## DATA FOR ANALYSIS:
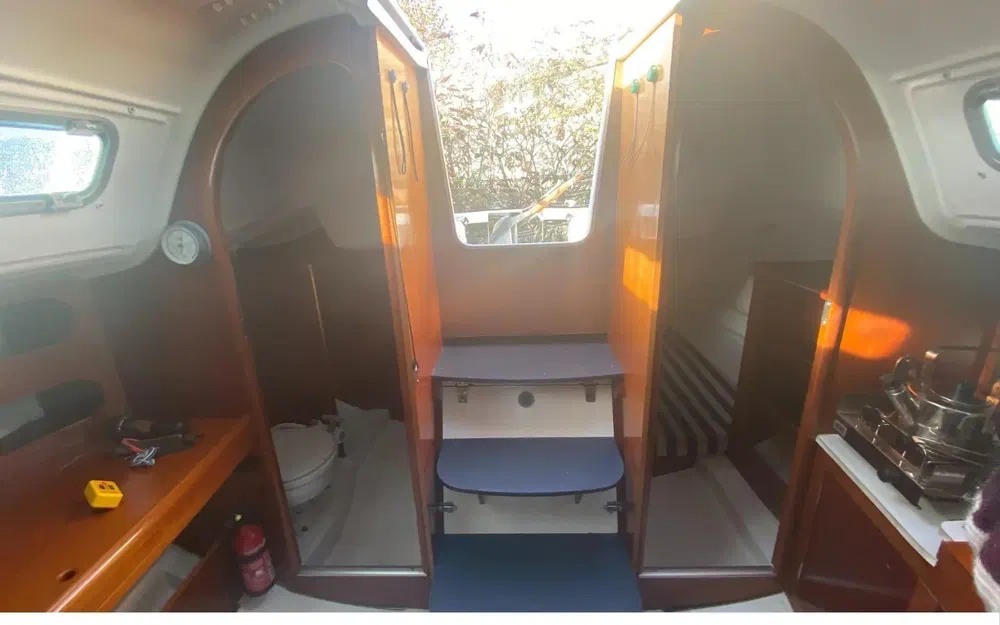 slider 8 Beneteau First 27.7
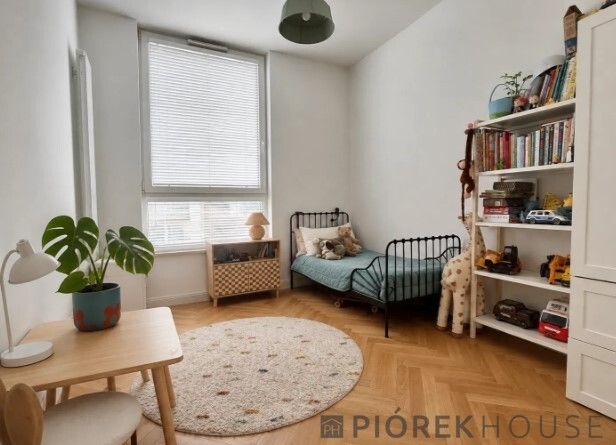 Mieszkanie 4-pokojowe Warszawa Wilanów, al. Rzeczypospolitej. Zdjęcie 9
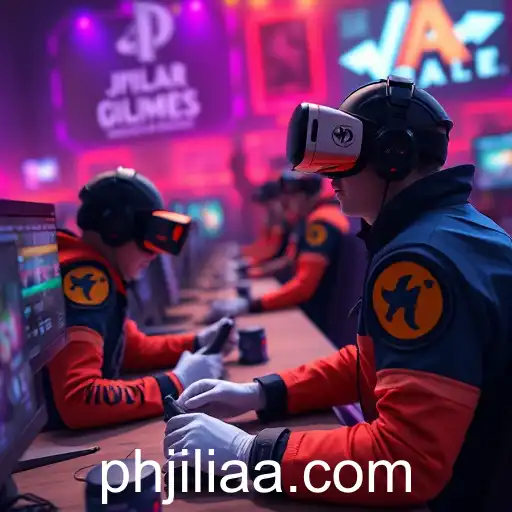 Gaming Industry Evolution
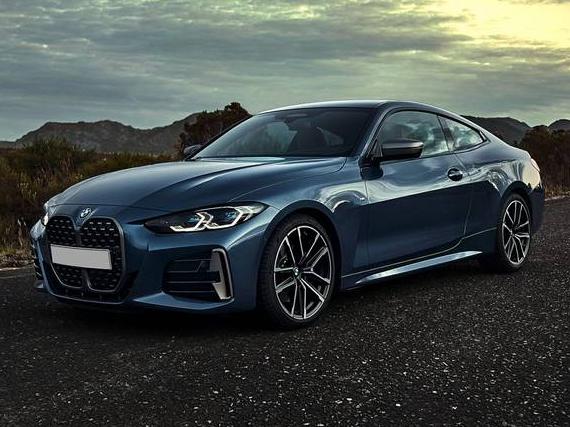BMW M440I 2021 WBA13AR00MCG45921 image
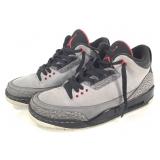 Air Jordan 3 Retro Stealth Size 10 Men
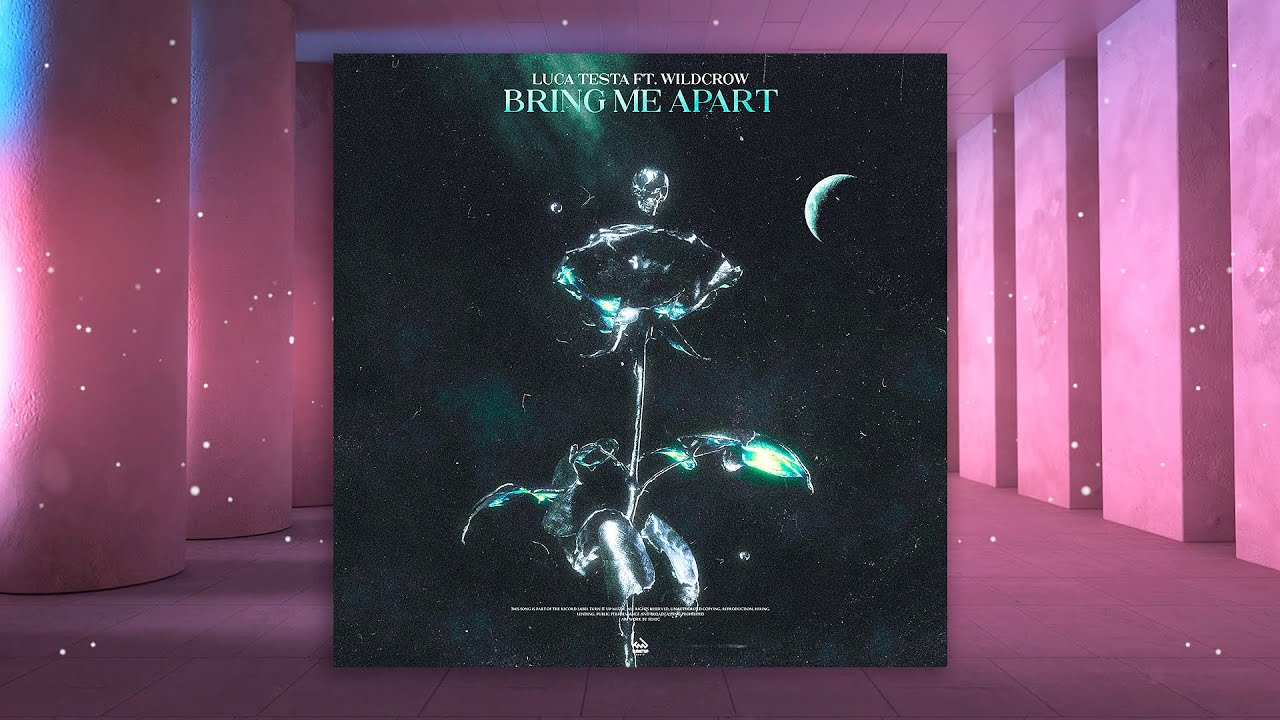 Luca Testa feat. Wildcrow - Bring Me Apart [Hardstyle]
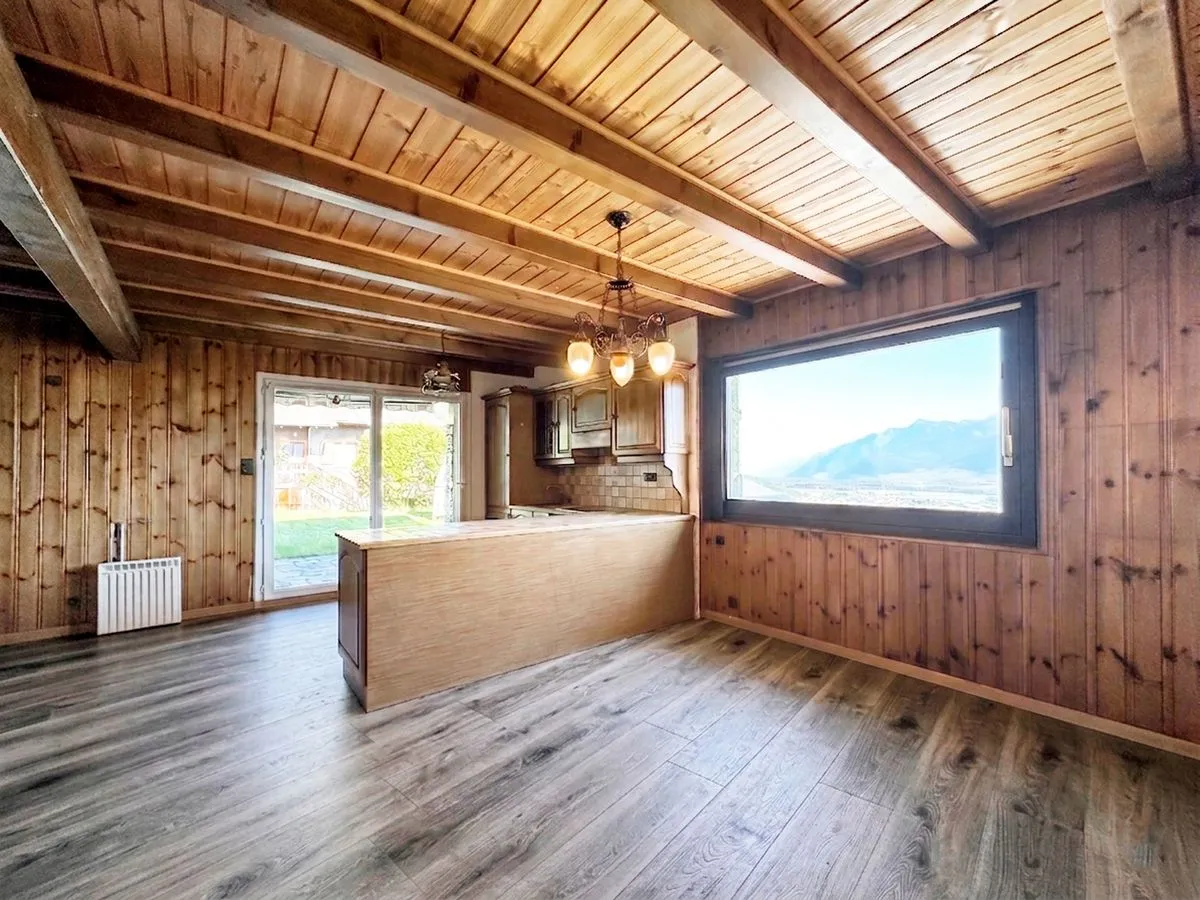 Choëx zu verkaufen Zwillingshaus Schweiz - cChic-immoHub Ihr Immobilienportal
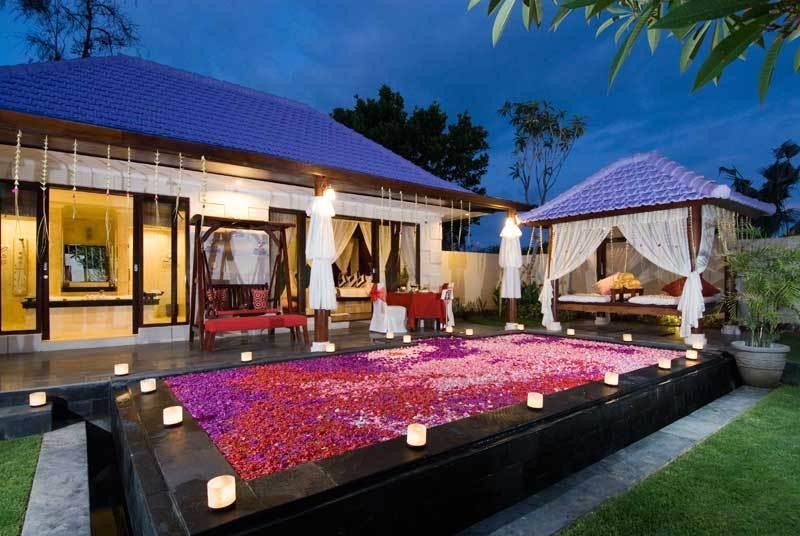 Lavender Villa & Spa Kuta Lombok Exterior foto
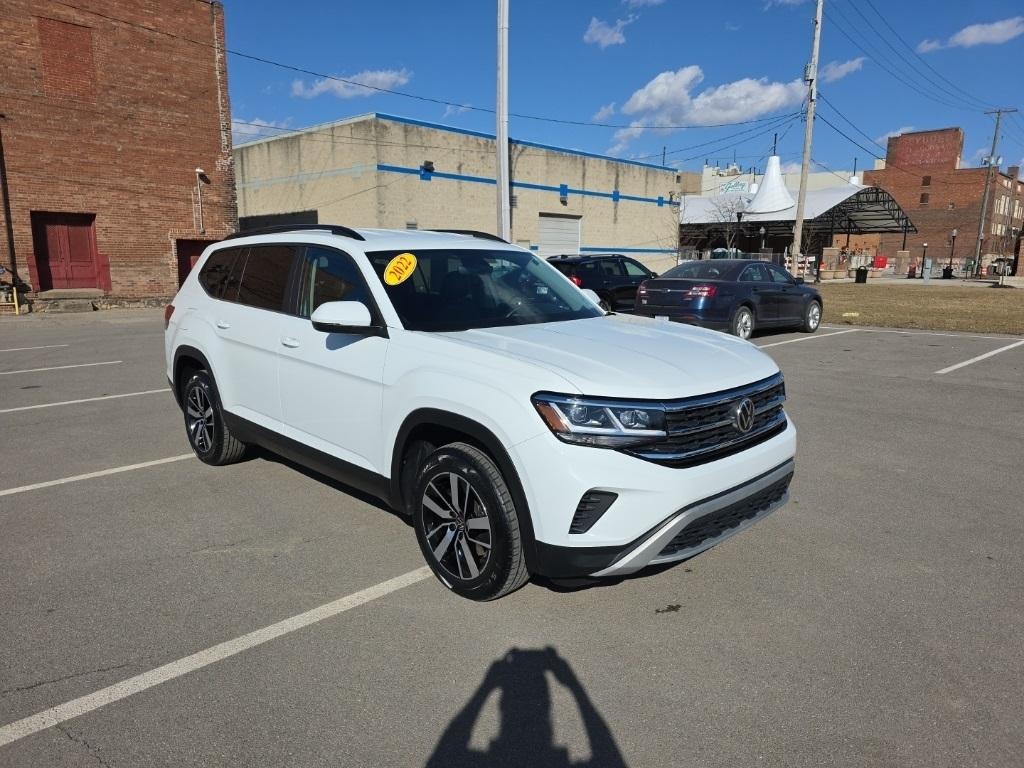 Volkswagen Atlas  2022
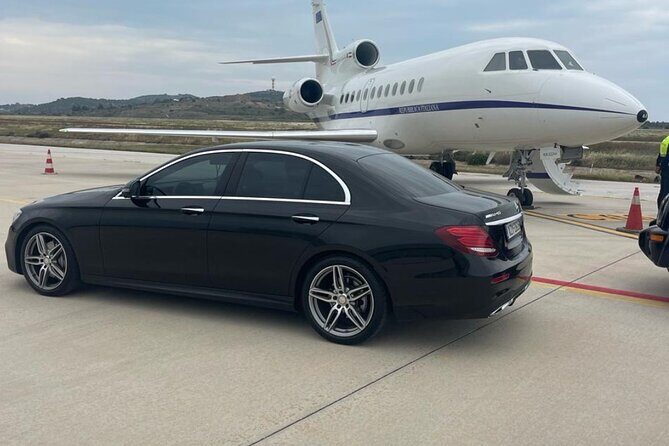 Private Transfer from Athens to Athens International Airport - An In-Depth Look at the Transfer Experience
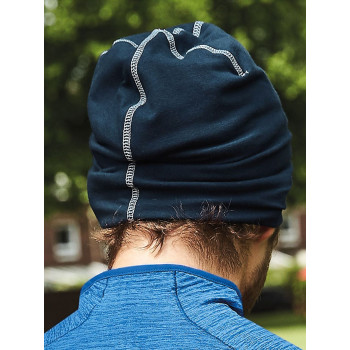 Berretti personalizzati con logo - Hemsedal Cotton Beanie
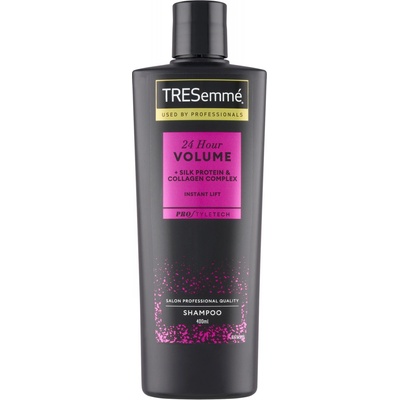 TreSemmé 24h Volume Šampon pro větší objem 400 ml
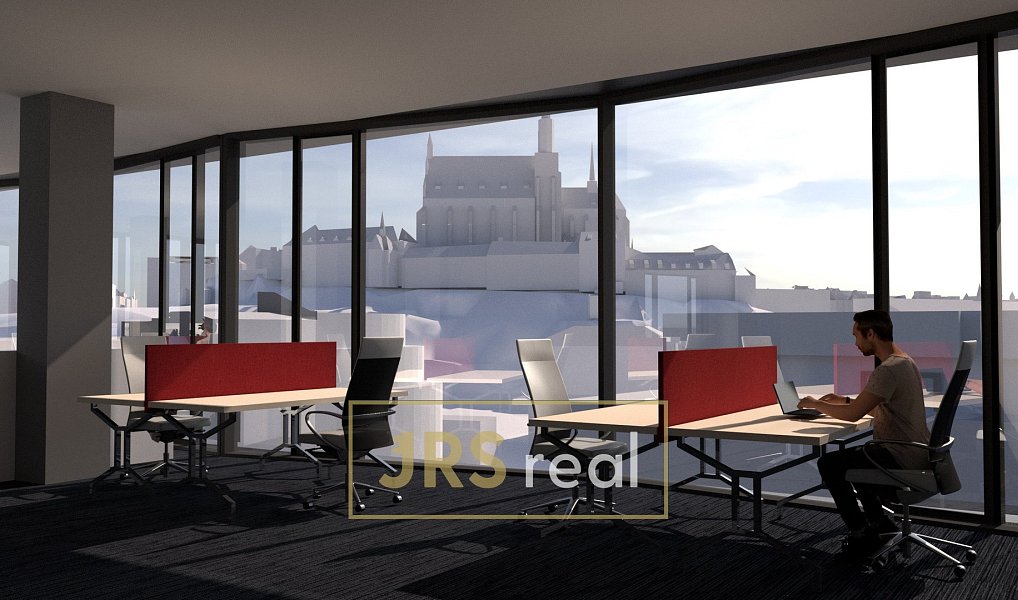 Pronájem kanceláře 1 500 m², Brno – náhled fotky 3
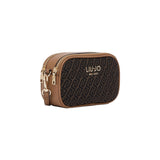 Borsa donna a tracolla piccola monogram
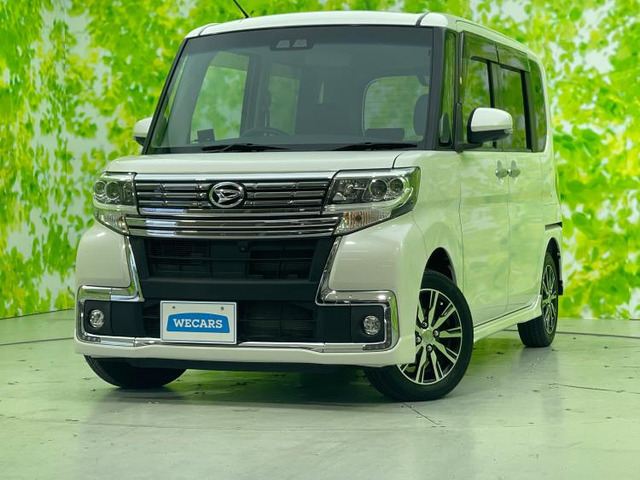 タントカスタム X トップエディションリミテッド SAIII 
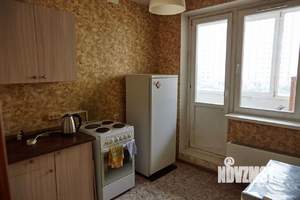 1-к квартира, вторичка, 42м2, 4/17 этаж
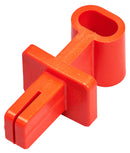 INSULATED TOOLS LTD 03081 Non-Universal Shroud, ITL Series 7 Cut-Outs, Nylon Thermoplastic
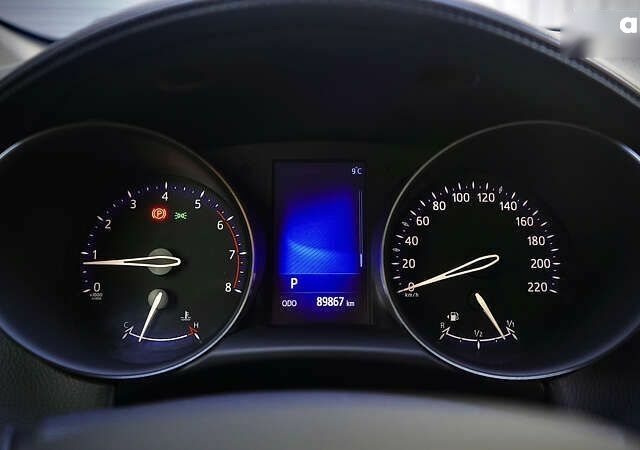 Тойота C-HR, об'ємом двигуна 1.2 л та пробігом 89 тис. км за 18500 $, фото 26 на Automoto.ua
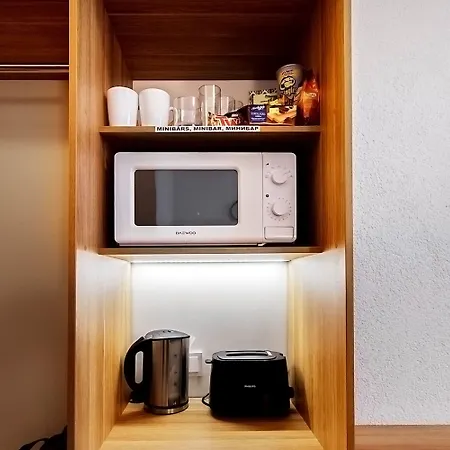 Aparthotel Rigaapartment Sonada Self-Service Aparthotel - Private Parking Riga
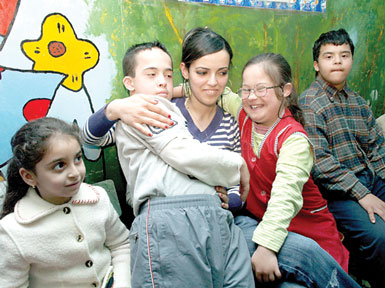 Ils ont le droit d’être considérés comme des citoyens à part entière, Handicapés donnons-leur une chance !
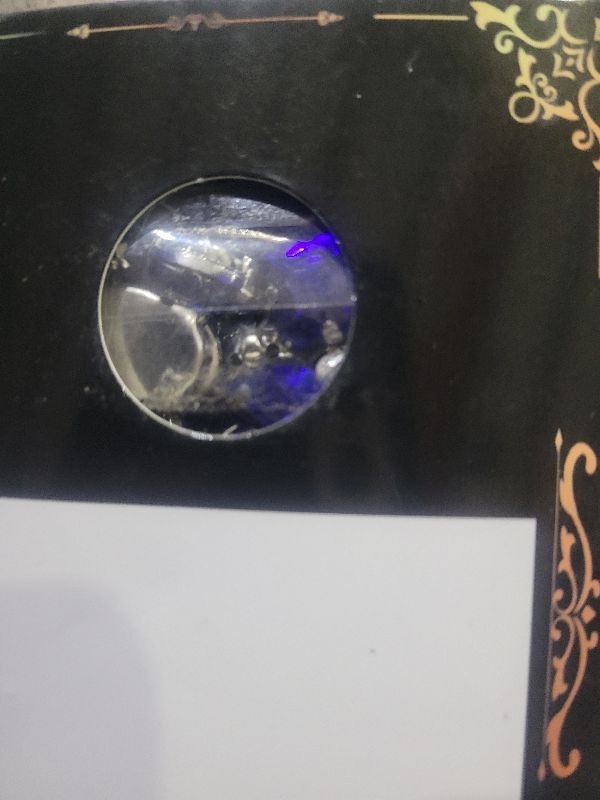 Photo 1 of 120 PCS Blue Bedazzling Sew on Rhinestones, Mixed Shape Charms Claw Flatback Glass Rhinestone with Metal Base for Crafting, Sapphire Large Gems for Clothes Shoes Hats Collars Bags & Sewing Accessories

## PROBLEM:
Working from the lines above, reproduce the material exactly and exclude its pictures.

## SOLUTION TO THIS EXERCISE:
 slider 8 Beneteau First 27.7
 Mieszkanie 4-pokojowe Warszawa Wilanów, al. Rzeczypospolitej. Zdjęcie 9
 Gaming Industry Evolution
BMW M440I 2021 WBA13AR00MCG45921 image
 Air Jordan 3 Retro Stealth Size 10 Men
 Luca Testa feat. Wildcrow - Bring Me Apart [Hardstyle]
 Choëx zu verkaufen Zwillingshaus Schweiz - cChic-immoHub Ihr Immobilienportal
 Lavender Villa & Spa Kuta Lombok Exterior foto
 Volkswagen Atlas  2022
 Private Transfer from Athens to Athens International Airport - An In-Depth Look at the Transfer Experience
 Berretti personalizzati con logo - Hemsedal Cotton Beanie
 TreSemmé 24h Volume Šampon pro větší objem 400 ml
 Pronájem kanceláře 1 500 m², Brno – náhled fotky 3
 Borsa donna a tracolla piccola monogram
 タントカスタム X トップエディションリミテッド SAIII 
 1-к квартира, вторичка, 42м2, 4/17 этаж
 INSULATED TOOLS LTD 03081 Non-Universal Shroud, ITL Series 7 Cut-Outs, Nylon Thermoplastic
 Тойота C-HR, об'ємом двигуна 1.2 л та пробігом 89 тис. км за 18500 $, фото 26 на Automoto.ua
 Aparthotel Rigaapartment Sonada Self-Service Aparthotel - Private Parking Riga
 Ils ont le droit d’être considérés comme des citoyens à part entière, Handicapés donnons-leur une chance !
 Photo 1 of 120 PCS Blue Bedazzling Sew on Rhinestones, Mixed Shape Charms Claw Flatback Glass Rhinestone with Metal Base for Crafting, Sapphire Large Gems for Clothes Shoes Hats Collars Bags & Sewing Accessories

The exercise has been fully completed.